Aiden manoeuvred the suitcases out of the house and stacked them up in the trunk of his car.
“Need me to drive you to your mom’s?”
“If it’s not too weird,” Isla gave him an apologetic grin. “She came to pick Meegs up, but I couldn’t ask her to keep coming back and forth. She’s getting on now.”
“It is weird,” Aiden confirmed. “But I’ll do it.”
“You see!” Isla pointed at him and sighed wistfully.
“See what?”
“You’re such a nice guy, Aid. It drives me crazy sometimes! You’re willing to drive the wife who is leaving you on an eight-hour round-trip to drop her at her mother’s.”
“I’ll get to see Meegan.”
“You’re too nice for your own good,” Isla said as she got into the passenger side of the car. Aiden glanced at the steering wheel and prepared mentally prepared himself for another long stint behind it. He really was too nice for his own good. He was shattered, he needed to rest, to take stock of what was happening with his life. Instead he was embarking on another road trip, probably the last one he’d ever have with Isla by his side.

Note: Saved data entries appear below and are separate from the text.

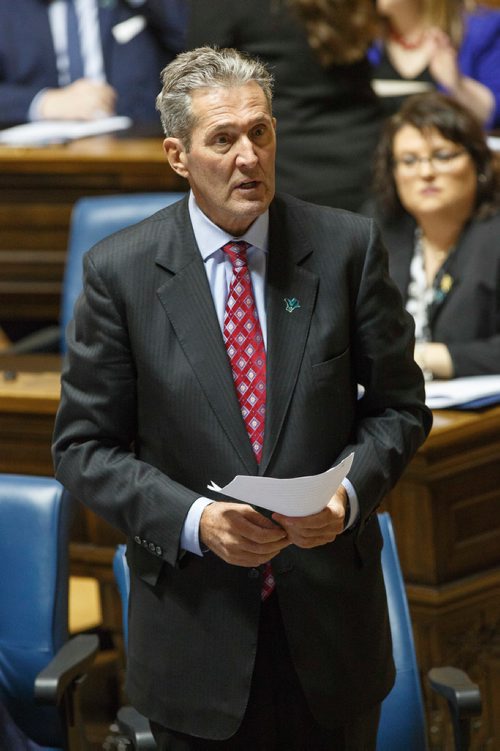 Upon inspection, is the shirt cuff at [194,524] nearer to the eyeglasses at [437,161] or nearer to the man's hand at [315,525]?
the man's hand at [315,525]

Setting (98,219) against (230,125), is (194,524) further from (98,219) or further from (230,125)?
(98,219)

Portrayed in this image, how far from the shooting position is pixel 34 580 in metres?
2.40

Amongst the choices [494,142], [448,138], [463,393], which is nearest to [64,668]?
[463,393]

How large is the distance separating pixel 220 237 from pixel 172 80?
23cm

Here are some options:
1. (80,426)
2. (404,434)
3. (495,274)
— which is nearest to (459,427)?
(495,274)

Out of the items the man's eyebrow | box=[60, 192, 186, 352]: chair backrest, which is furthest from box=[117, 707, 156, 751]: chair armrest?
box=[60, 192, 186, 352]: chair backrest

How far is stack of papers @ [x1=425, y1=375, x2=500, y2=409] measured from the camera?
2904 millimetres

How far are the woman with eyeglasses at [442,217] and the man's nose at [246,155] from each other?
1.53m

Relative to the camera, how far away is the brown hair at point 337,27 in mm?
3387

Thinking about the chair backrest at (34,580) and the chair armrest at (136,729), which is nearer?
the chair armrest at (136,729)

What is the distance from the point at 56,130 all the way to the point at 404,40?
131 centimetres

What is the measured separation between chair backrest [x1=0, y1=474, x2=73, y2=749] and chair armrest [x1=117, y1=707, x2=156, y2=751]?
382 millimetres

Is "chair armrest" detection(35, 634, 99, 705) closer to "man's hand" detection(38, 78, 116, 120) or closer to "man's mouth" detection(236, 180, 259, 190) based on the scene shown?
"man's mouth" detection(236, 180, 259, 190)

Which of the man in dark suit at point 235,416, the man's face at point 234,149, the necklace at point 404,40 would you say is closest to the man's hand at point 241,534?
the man in dark suit at point 235,416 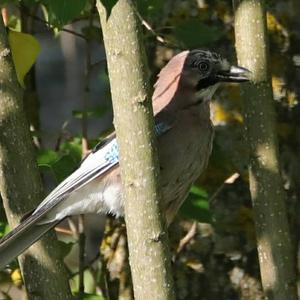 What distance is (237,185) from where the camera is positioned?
3496mm

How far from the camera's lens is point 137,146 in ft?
7.58

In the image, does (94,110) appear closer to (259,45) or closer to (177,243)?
(177,243)

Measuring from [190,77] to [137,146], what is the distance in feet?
3.62

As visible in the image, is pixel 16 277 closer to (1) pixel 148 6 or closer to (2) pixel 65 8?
(1) pixel 148 6

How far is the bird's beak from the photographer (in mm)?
2889

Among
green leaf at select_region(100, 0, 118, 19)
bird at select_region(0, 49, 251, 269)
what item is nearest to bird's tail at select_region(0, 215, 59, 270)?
bird at select_region(0, 49, 251, 269)

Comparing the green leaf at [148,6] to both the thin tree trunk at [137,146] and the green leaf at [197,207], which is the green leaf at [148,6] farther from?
the green leaf at [197,207]

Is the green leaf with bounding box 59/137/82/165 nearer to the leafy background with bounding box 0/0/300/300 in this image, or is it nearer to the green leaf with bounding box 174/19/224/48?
the leafy background with bounding box 0/0/300/300

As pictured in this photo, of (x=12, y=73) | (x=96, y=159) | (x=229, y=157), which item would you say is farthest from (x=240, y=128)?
(x=12, y=73)

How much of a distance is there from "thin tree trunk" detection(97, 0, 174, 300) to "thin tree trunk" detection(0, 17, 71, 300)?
17.8 inches

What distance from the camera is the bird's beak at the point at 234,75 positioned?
2.89 metres

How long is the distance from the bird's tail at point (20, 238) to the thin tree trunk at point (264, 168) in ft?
2.03

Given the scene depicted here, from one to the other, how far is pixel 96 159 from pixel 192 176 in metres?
0.32

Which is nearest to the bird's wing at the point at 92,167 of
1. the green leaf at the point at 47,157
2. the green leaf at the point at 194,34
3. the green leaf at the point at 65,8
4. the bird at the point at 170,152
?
the bird at the point at 170,152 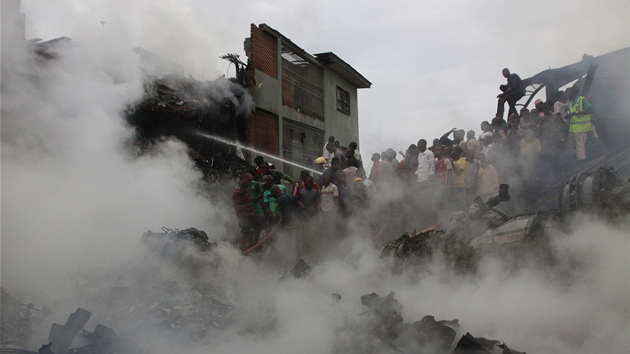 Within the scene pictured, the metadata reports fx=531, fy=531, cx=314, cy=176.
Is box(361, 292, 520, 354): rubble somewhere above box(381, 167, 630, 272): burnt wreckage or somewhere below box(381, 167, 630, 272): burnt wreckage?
below

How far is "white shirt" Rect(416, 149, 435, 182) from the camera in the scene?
29.1ft

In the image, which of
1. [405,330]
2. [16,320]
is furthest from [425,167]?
[16,320]

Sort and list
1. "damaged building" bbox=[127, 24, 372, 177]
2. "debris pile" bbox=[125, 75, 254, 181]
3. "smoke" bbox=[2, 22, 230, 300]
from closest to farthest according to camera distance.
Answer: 1. "smoke" bbox=[2, 22, 230, 300]
2. "debris pile" bbox=[125, 75, 254, 181]
3. "damaged building" bbox=[127, 24, 372, 177]

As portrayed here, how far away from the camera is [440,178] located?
8.70m

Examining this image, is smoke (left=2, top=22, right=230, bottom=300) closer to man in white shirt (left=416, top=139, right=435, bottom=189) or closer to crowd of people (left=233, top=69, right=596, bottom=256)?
crowd of people (left=233, top=69, right=596, bottom=256)

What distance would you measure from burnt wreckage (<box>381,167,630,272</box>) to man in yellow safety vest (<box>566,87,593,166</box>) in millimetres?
2351

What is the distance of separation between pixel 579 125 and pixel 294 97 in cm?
1050

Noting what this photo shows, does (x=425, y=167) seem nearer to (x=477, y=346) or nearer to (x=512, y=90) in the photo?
(x=512, y=90)

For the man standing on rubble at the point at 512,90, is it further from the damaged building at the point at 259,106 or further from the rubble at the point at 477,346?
the rubble at the point at 477,346

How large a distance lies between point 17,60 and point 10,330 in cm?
334

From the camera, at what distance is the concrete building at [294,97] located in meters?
15.1

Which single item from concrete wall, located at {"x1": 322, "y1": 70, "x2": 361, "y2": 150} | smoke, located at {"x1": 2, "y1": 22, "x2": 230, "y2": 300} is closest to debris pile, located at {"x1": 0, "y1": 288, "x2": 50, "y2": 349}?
smoke, located at {"x1": 2, "y1": 22, "x2": 230, "y2": 300}

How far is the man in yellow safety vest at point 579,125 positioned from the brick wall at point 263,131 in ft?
27.2

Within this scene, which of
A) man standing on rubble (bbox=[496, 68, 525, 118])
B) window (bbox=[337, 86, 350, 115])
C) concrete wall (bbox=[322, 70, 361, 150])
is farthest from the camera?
window (bbox=[337, 86, 350, 115]) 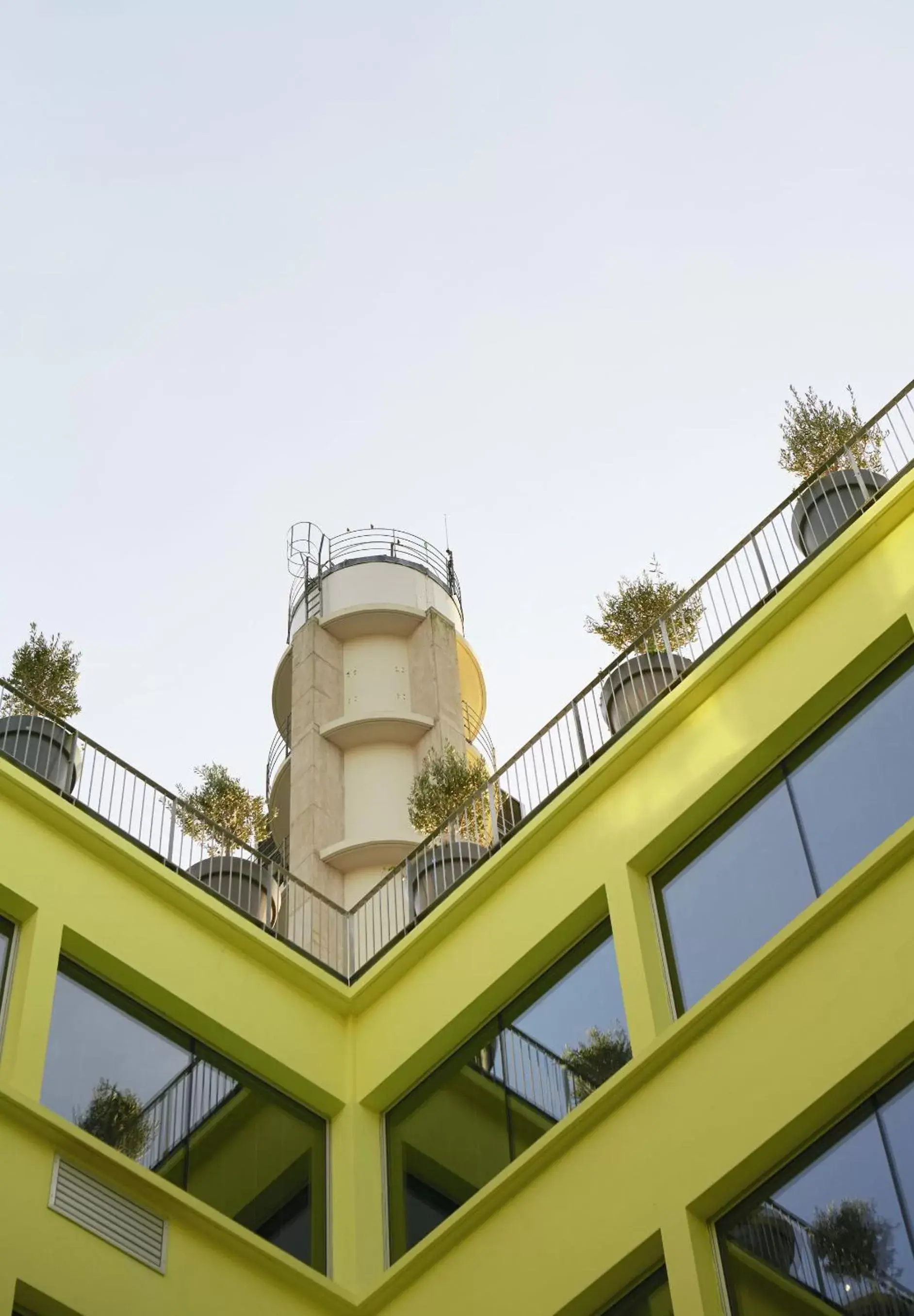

“So are you ready?” Isla called to him from within the car.
/>
“Yeah,” Aiden pulled out the driver’s door. “Let’s go.”
*
Aiden returned home in a daze. Meegan had been sleeping when he reached Isla’s mother’s home, so he hadn’t even been able to see her. The feeling of isolation was beginning to creep across his skin. When he opened his front door to be greeted only by the sound of the ticking clock, it finally consumed him and the tears came. Leaning against the wall he covered his face with his hands, his tears splashing against his palms.
He cried for the marriage he could not save and for the dream of Avalon which now seemed to have died.
*
“I’m not sure you’re doing the right thing,” Isla’s mother, Veronica, noted as she raised a judgemental eyebrow at her daughter.
“Trust me, Mother, I am,” Isla insisted as she began unpacking her suitcase in what had previously been her bedroom. All traces of her childhood years spent in there were now gone. Veronica had been brutally thorough in turning it into a tasteful spare bedroom. Gone were the posters, the photographs tacked to the walls, even the pink curtains had been replaced by understated floral ones.
Meegan was sleeping in one of the other, equally soulless, spare bedrooms.
“You’re not getting any younger,” Veronica scanned the items Isla was unpacking with a critical eye as she spoke.
“You’ll struggle to find another man, especially with a child in tow.”
“Really, Mother.” Isla paused with a cashmere sweater in her hand, glaring angrily at Veronica. “You need to stop overwhelming me with all your support.”
“I’m just being honest,” Veronica raised her hands defensively. As she lifted them, the collection of golden bangles she was wearing slid down her thin arm and made a sound almost like sleigh bells.
“Like I told your father, this wouldn’t have happened with Jude.”
“Now you’re just being cruel,” Isla objected. “You shouldn’t bring up Jude.”
She felt like she was ten years old again, facing her mother’s fierce judgement. She kept reminding herself that she was grown woman now, it didn’t matter if her mother didn’t approve of her decisions. That her mother liked to compare her to ghosts.